- **What the task asks**: Extract the full listing verbatim and drop any pictures from your copy.

- **Data**:
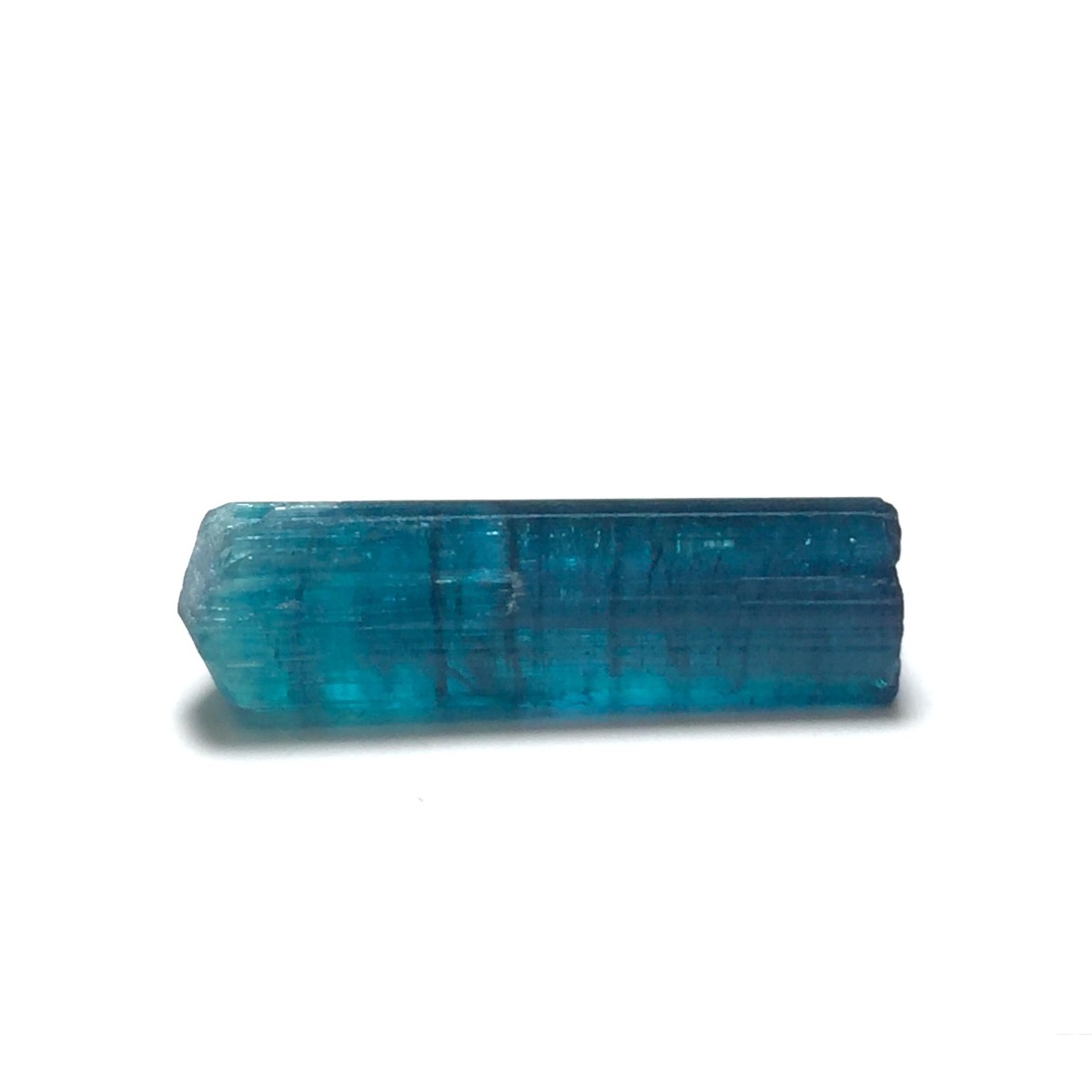 Cristalli di Elbaite Grezza Br - Jewelry Making Raw Materials recensione e prezzo
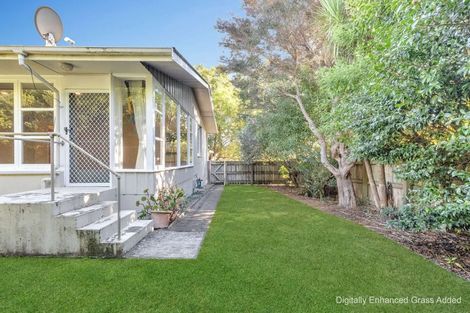 Photo of property in 1 Berkley Place, Awapuni, Palmerston North, 4412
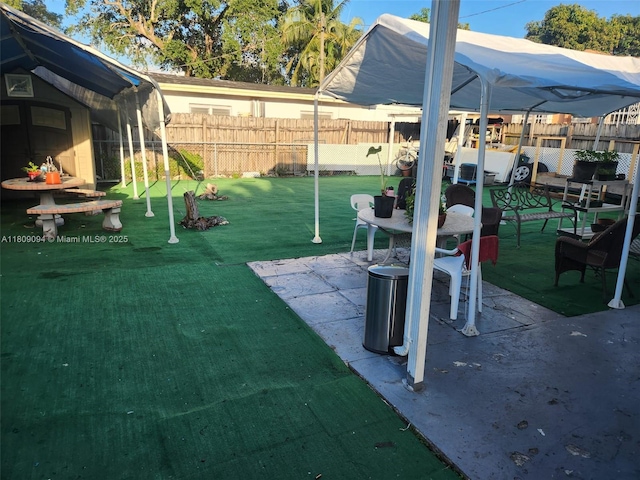 1037 NW 33rd Ave, Miami, FL 33125 - photo 11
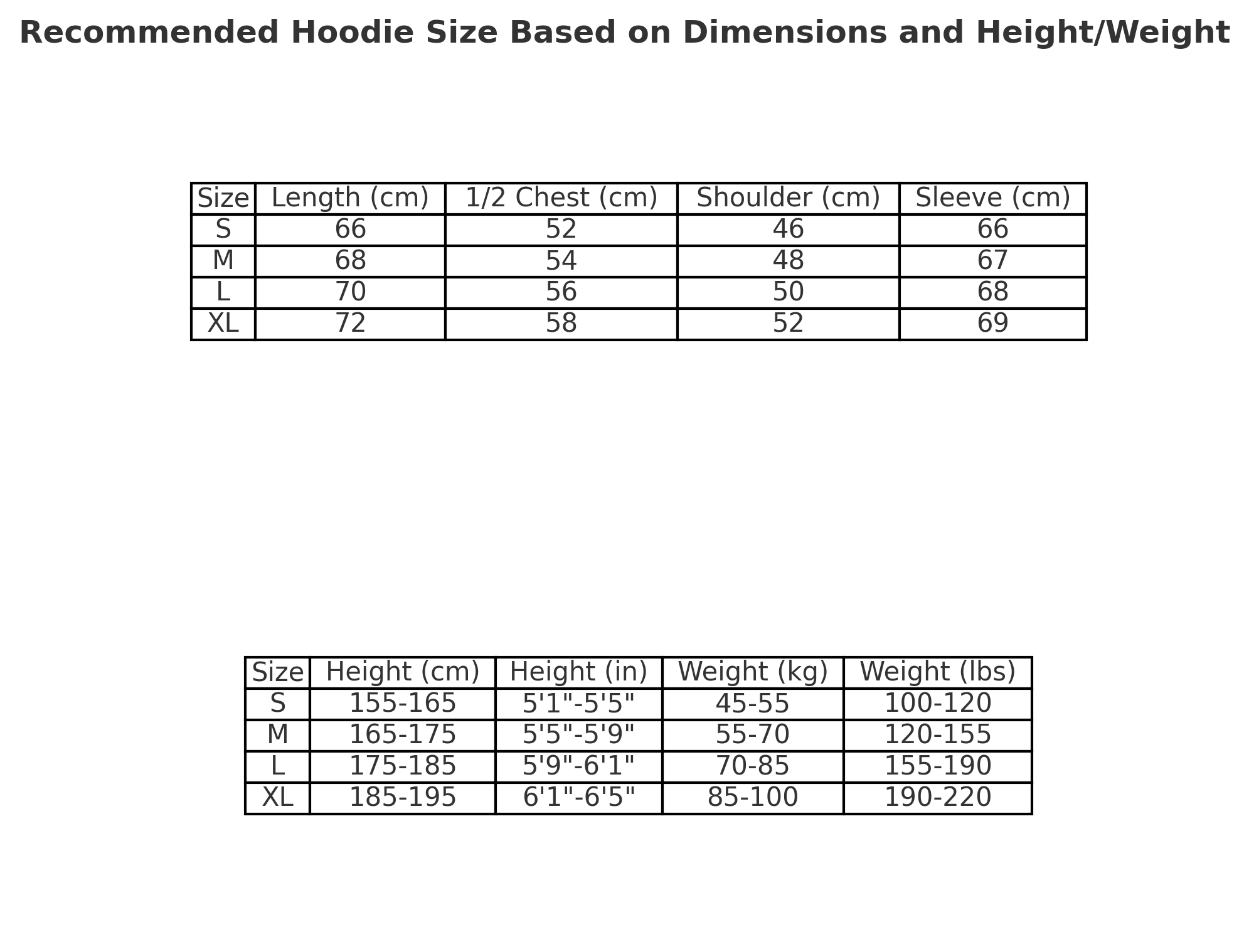 SP5DER P*NK HOODIE BLACK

- **Exercise response**:
 Cristalli di Elbaite Grezza Br - Jewelry Making Raw Materials recensione e prezzo
 Photo of property in 1 Berkley Place, Awapuni, Palmerston North, 4412
 1037 NW 33rd Ave, Miami, FL 33125 - photo 11
 SP5DER P*NK HOODIE BLACK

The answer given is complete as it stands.